Are you sure you aren't talking about the 51 Kna... Ring from Bayreuth? She was in prime vocal shape here and it was amazing. The first stereo Ring.


----------



## Jeffrey Smith (Jan 2, 2016)

I will proffer a very dark horse (Nibelgrane?) coming in from left field








The T&I is the Act II duet with concert ending.


----------



## gellio (Nov 7, 2013)

Seattleoperafan said:


> Are you sure you aren't talking about the 51 Kna... Ring from Bayreuth? She was in prime vocal shape here and it was amazing. The first stereo Ring.


Wasn't the first stereo Ring '55 Keilberth? No, I am talking about the Kna '57. I think it's her best.


----------



## howlingfantods (Jul 27, 2015)

gellio said:


> Wasn't the first stereo Ring '55 Keilberth? No, I am talking about the Kna '57. I think it's her best.


She's probably talking about the first mono Bayreuth release, which was the 1951 Kna Gotterdammerung only, not the full Ring. I agree with Seattle that Varnay is probably at her best here comparatively--the voice sounds richer and although she is already scooping away to an distracting and irritating extent, it's not as bad as it would get later in the decade.


----------



## DarkAngel (Aug 11, 2010)

Handy collection of 15 famous live immolation scences spanning classic 50 Flagstad -> 76 Jones, as always buy on frequent sales at this website.......


----------



## Woodduck (Mar 17, 2014)

DarkAngel said:


> Handy collection of 15 famous live immolation scences spanning classic 50 Flagstad -> 76 Jones, as always buy on frequent sales at this website.......

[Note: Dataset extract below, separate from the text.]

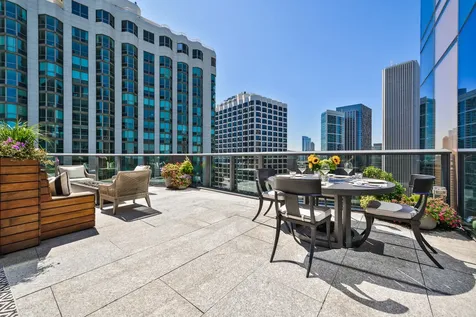 211 North Harbor Drive Chicago IL 60601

Funny...They put Lillian Nordica on the cover. I guess they didn't want to favor any of the sopranos on the album. But it gives me an opportunity to recommend the 1903 Mapleson wax cylinders, made from offstage at the Met, of parts of Nordica's Brunnhilde as she performed it live in the house. The Mapleson cylinders were the first live recordings ever made of opera, and though they give us only distant and dim-sounding fragments, they are a precious legacy of turn-of-the-century singing.











The sound may be dim, but the power and purity of the voice come through. And listen to the trill in the Hojotoho! Who was the last Wagnerian soprano with a real trill? Anyone since Frida Leider?

Nordica was one of a number of outstanding dramatic sopranos singing the big Wagner parts in the pre-WW I period; others were Lilli Lehmann, Rosa Sucher, Katharina Klafsky, Milka Ternina, Therese Malten, Johanna Gadski, Félia Litvinne, Olive Fremstad, and Anna Bahr-Mildenburg. Even though their commercial recordings - you know, the kind where you stood with your face in a horn and were surrounded by a band consisting of a violin, clarinets and a tuba - constrained them musically and distorted the sounds of their voices, the technical prowess and the breadth of repertoire of these singers (those who made records) is astonishing today.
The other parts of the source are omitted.